Thank you. Thank you for doing that work
in me, Lord, because it wasn't me. And Peter says, if you turn
over to 1 Peter 1.22, 1 Peter 1.22, Peter writes, seeing ye have
purified your souls in obeying the truth. Now the carnal religious
man stops right there. Seeing you have obeyed. purified
your souls in obeying the truth, and so the self-righteous person
reflects on what they've done in obeying the truth, what they've
done to purify their hearts, and they're looking back over
their deeds and their works and what they've done or not done,
to find some satisfaction, some convincing that they've purified
themselves and have done enough to purify themselves and maybe
even are satisfied that they've done enough to purify and to
sanctify themselves. But the child of God goes just
a little further. They go a lot further.

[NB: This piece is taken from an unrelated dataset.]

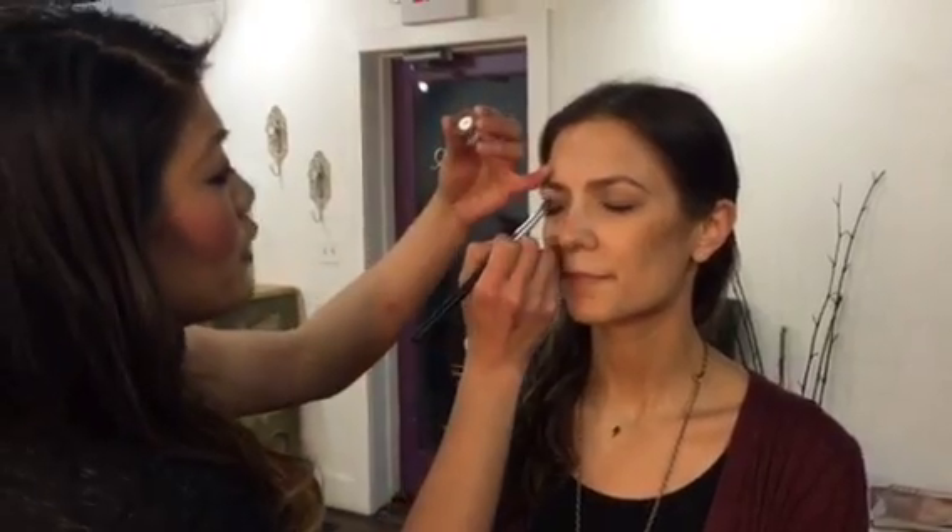I'm going to start with a hydrator. This brings moisture to your skin and balances it out. It's good to spray over makeup during the day — I like to spray it on when I'm feeling dry, especially during the winter. I do it in the morning and at night as well. It helps other products penetrate.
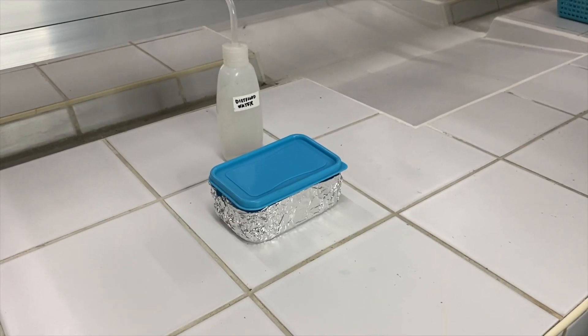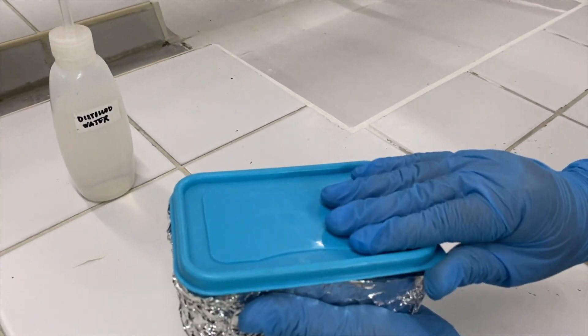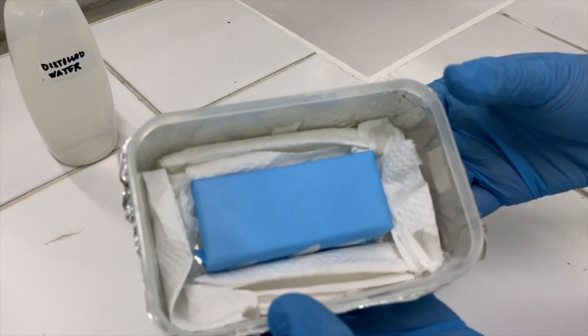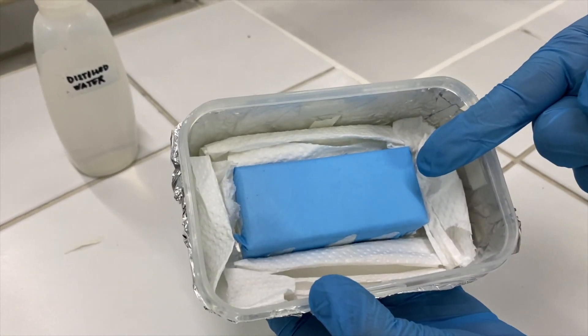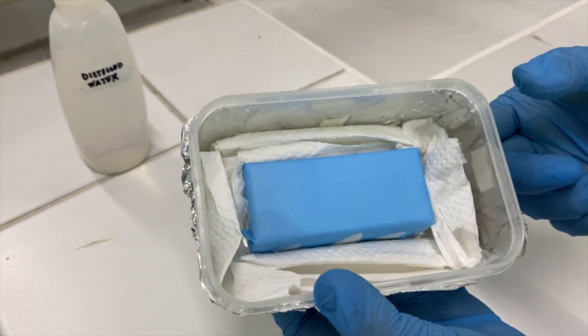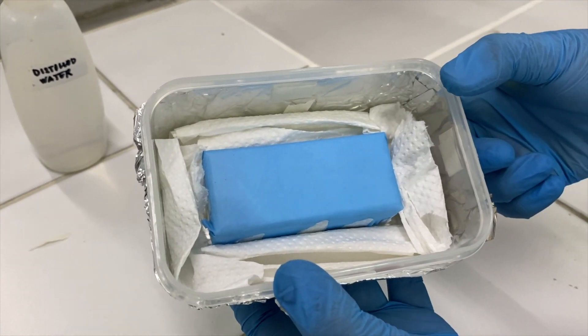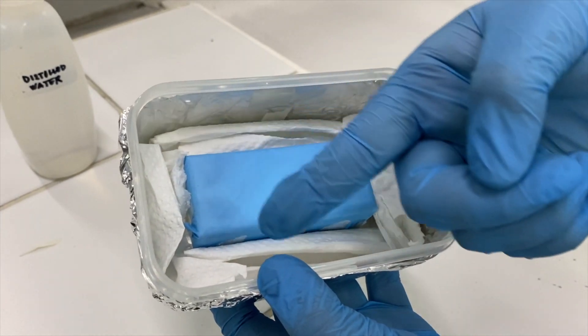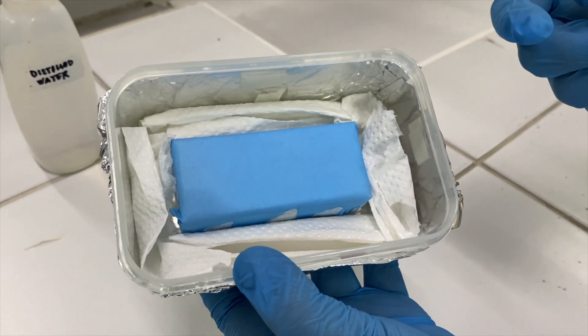We also need to prepare our humid chamber. This will keep our tissue from drying throughout the entire IHC procedure. Once the tissue is filled out from a food container, a small platform is glued in the center which will coat the slide. Paper towels are lined around the area, while the outside of the chamber is wrapped in foil.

They go
all the way, because that verse says, seeing ye have purified
your souls in obeying the truth through the Spirit. Through the
Spirit. That's how we honor the Lord. That's how our hearts are purified. Not through this flesh here,
but through the Spirit. The Spirit purifies us. The Spirit
sanctifies us. He separates us apart and takes
us out from the wicked, dead corner ways of natural man's
religion. And what happens? It leads us,
that work of the Spirit leads us unto unfeigned, or not fake,
not pretended, love of the brethren. And see that you love one another
with a pure heart, fervently. And what we see in the Scripture
is that if we are children of God, we're going to love the
Brethren. We're going to have a true, genuine
love for the Brethren, especially as you're out there in the world
and the Spirit of God is showing you, this world doesn't love
me. This world doesn't love Christ. It doesn't love you who love
Christ. It doesn't love your ways, your
thoughts, and doesn't appreciate your love and joy in me. It hates those things. And as
long as you're loving the world and going along with the world
and joining yourself to the world in that way, we have to go out
there and work and do things, but as long as you're acting
as much like them and doing their system in ways as possible, they're
fine with you. They'll get upset with you, because
you're going to offend them, but it's when you don't partake. Not even necessarily saying anything,
but when you don't partake, they get angry. But you'll love your
brethren, because you'll see, every time I'm there, I'm just
drawn away with their foolishness and nonsense. And the Lord fixes
and works that love and desire to be with your brethren more
and more. He does that in his people. Sometimes we get to thinking,
and I just say this, we can get offended with one another, but
don't ever think, how could they do that to me? They're a brother. If they're a brother in Christ,
they would never do that to me. They would never say that to
me, or they'd never have done that. to me, but have you read
the Bible? We can see in the scriptures
how, yeah, the people of God can be pretty horrible. Just
looking at David, for example, that man He committed adultery
and then took his friend, his friend's wife, and sent that
man off to be murdered. He had him killed so his sin
wouldn't be found out of what he had done. So, you know, and
not just in the Scriptures, but just be honest with what's in
your own heart. You know, we see what's in our
heart and the Lord shows us, yeah, I can do that. I can be
pretty cruel and ignorant and harmful to my brethren. So it
can be done, so we shouldn't think that. But the Lord gives
us a love for our brethren and a desire to see them grow and
fed in Christ, and we're thankful for that. And he says, being
born again not of corruptible seed, verse 23, but of incorruptible
by the word of God which liveth and abideth forever. And that
word spoken there, that's Christ. He's the one that lives and abides
forever. One day we won't have these Bibles here that we're
reading every day and looking into, we're going to know Him
who is the Word. He's the One that lives and abides
forever and He makes these things known to us through the preaching
of the Gospel. and were fed in him. And then he says, verse
24, for all flesh is as grass, and all the glory of man is the
flower of grass. The grass withereth, and the
flower thereof falleth away. And you see the Lord, he's making
this known to us. We understand, we're gonna get
it. We're gonna understand more and more that this flesh is grass,
it's withering, it's perishing, it's adding no value to me. It's
like making a house out of straw. It's of no value. It's not going
to hold up or last. And so it's withered through
the preaching of the gospel. The spirit blows upon it and
this flesh withers and dies, thankfully. And so, because we've
got to understand, we're going to stand before God in judgment.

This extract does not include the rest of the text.